O fiscal em questão foi subsecretário da Receita do município durante a gestão de Kassab, e está envolvido em um esquema que pode ter desviado pelo menos R$ 500 milhões de reais.

A quantia pode ser ainda maior, se considerada a suspeita de que o grupo vinha atuando desde 2002, quando Marta Suplicy era a prefeita.

O título na primeira página do jornal paulista foi visto pela ombudsman como um erro, nascido da disposição dos editores de transcrever na íntegra a declaração do personagem.

"O jornal foi mais realista que o rei, numa cobertura bem delicada", diz a defensora dos leitores.

Acontece que sempre há um dia depois do outro, caso contrário não haveria jornais.

E a sequência dos dias induz o leitor e a leitora atentos a desconfiar de que houve mais malícia do que realismo naquela escolha da sexta-feira.

Na verdade, não apenas a Folha mas os outros jornais e o noticiário da televisão estão divulgando uma versão diferente daquela que se pode ouvir claramente nas conversas entre supostos membros da quadrilha.

Em telefonema gravado no 18 de setembro e incluído no inquérito, com autorização judicial, um dos envolvidos fala claramente, logo após o trecho que foi destacado pela manchete da Folha: "Chama o secretário e os prefeitos com quem trabalhei.
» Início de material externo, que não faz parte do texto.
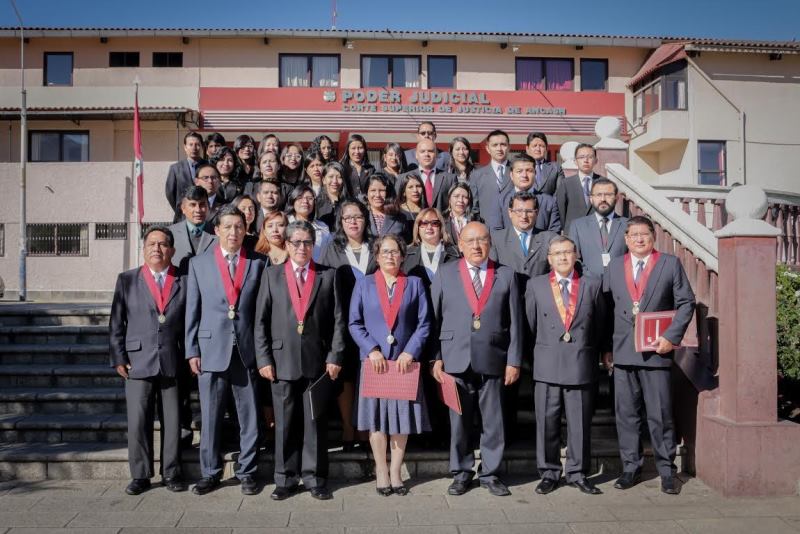 Jueces y servidores laborales de la Corte del Santa fueron recibidos en Huaraz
Eles tinham ciência de tudo".

O teor da declaração pode ser conferido no arquivo do Jornal Nacional, da TV Globo, edição do dia 7 de novembro, quinta-feira passada (ver aqui), com a amplificação do áudio.
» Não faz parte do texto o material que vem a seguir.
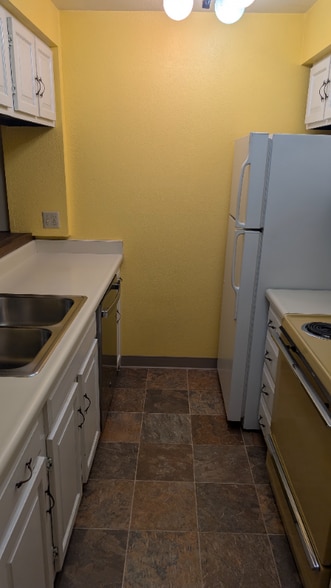 Building Photo - 2201 Romig Pl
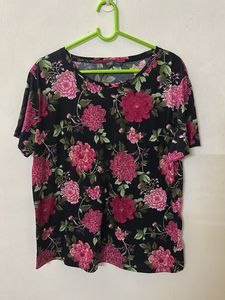 XL Marks & Spencers T-shirt Good As new 🌈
Na conversa com outra funcionária da Prefeitura, o auditor fiscal Ronilson Bezerra Rodrigues, acusado de chefiar a máfia da propina, se refere ao secretário e aos "prefeitos" com quem havia trabalhado, ou seja, insinua que o esquema começou antes do mandato de Gilberto Kassab.

Por que razão os jornais insistem em que ele se referiu apenas a um dos prefeitos com quem havia trabalhado?
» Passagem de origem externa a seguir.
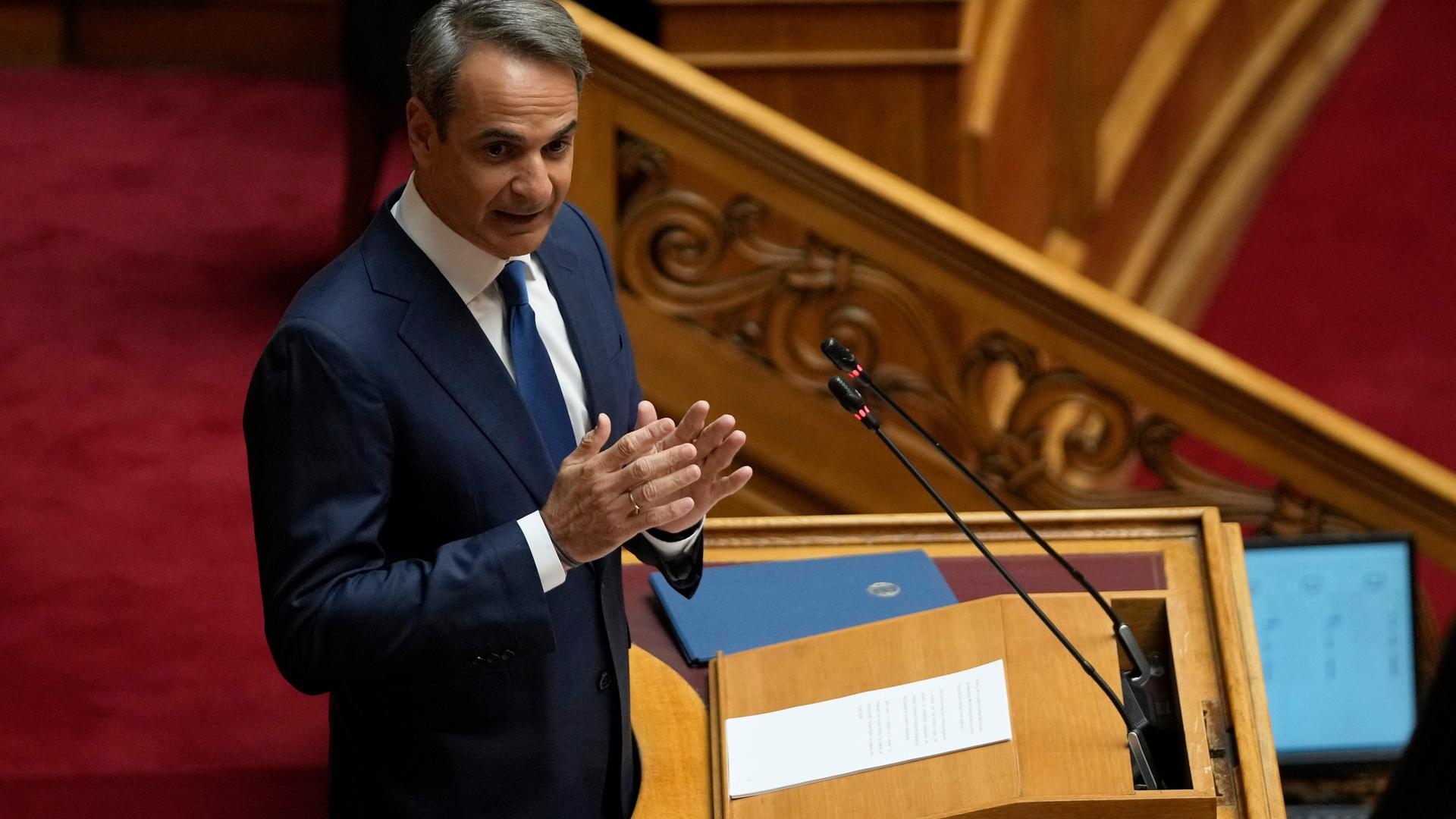 Der griechische Ministerpräsident Mitsotakis spricht im Parlament.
E qual seria o interesse da Folha em envolver o atual prefeito, que está patrocinando a investigação?

Picotando o noticiário

Os personagens do esquema eram ligados à Secretaria de Finanças do Município, cujos chefes foram herdados por Kassab da gestão anterior, do ex-prefeito José Serra.

A rotina do grupo era abater impostos de grandes construtoras e quitar débitos com a Prefeitura, mediante pagamento de propina.

A prática minou a capacidade de investimento do Município.

Entre outras suspeitas, por exemplo, os jornais poderiam investigar o destino do processo envolvendo diretores da CDHU – Companhia de Desenvolvimento Habitacional e Urbano, que tinha reflexos nas finanças da capital paulista.

Por outro lado, a curiosidade jornalística deveria induzir os editores a buscar conexões entre esse escândalo e o caso de superfaturamento nas obras do metrô e do sistema de trens metropolitanos, porque a lógica dos crimes é a mesma.

Mas o interesse da Folha de S. Paulo não parece ser o de esclarecer os fatos de uma forma ampla.

Nesta terça-feira, por exemplo, a manchete do jornal outra vez ignora os indícios de que a quadrilha atuava ainda antes da posse de Gilberto Kassab e anuncia: "Fiscal suspeito foi da equipe de secretário de Haddad".

Se um dos acusados afirma ter documentos "desde 2002", e ameaça delatar todo o grupo, causando um megaprocesso, "igual ao da máfia italiana na década de 90", por que razão aFolha foge da grande história e  tenta a qualquer custo envolver o atual prefeito, que criou a Corregedoria do Município e resolveu quebrar a quadrilha?

A cobertura do Estado de S. Paulo limita o período de atuação da quadrilha aos dois mandatos de Kassab (2006-2012) e ainda se concentra nos conteúdos das gravações, o que produz um noticiário fragmentado e induz o leitor a imaginar que se trata de um caso eventual de corrupção.

Globo, que se baseia em informações do Ministério Público do Estado, oferece aos seus leitores um quadro mais amplo, com dados sobre os grandes valores desviados para contas no exterior e informando mais sobre a sofisticação do esquema.

Quem a Folha de S. Paulo estaria tentando proteger?

Parodiando a ombudsman do jornal, quem seria o "sujeito oculto"?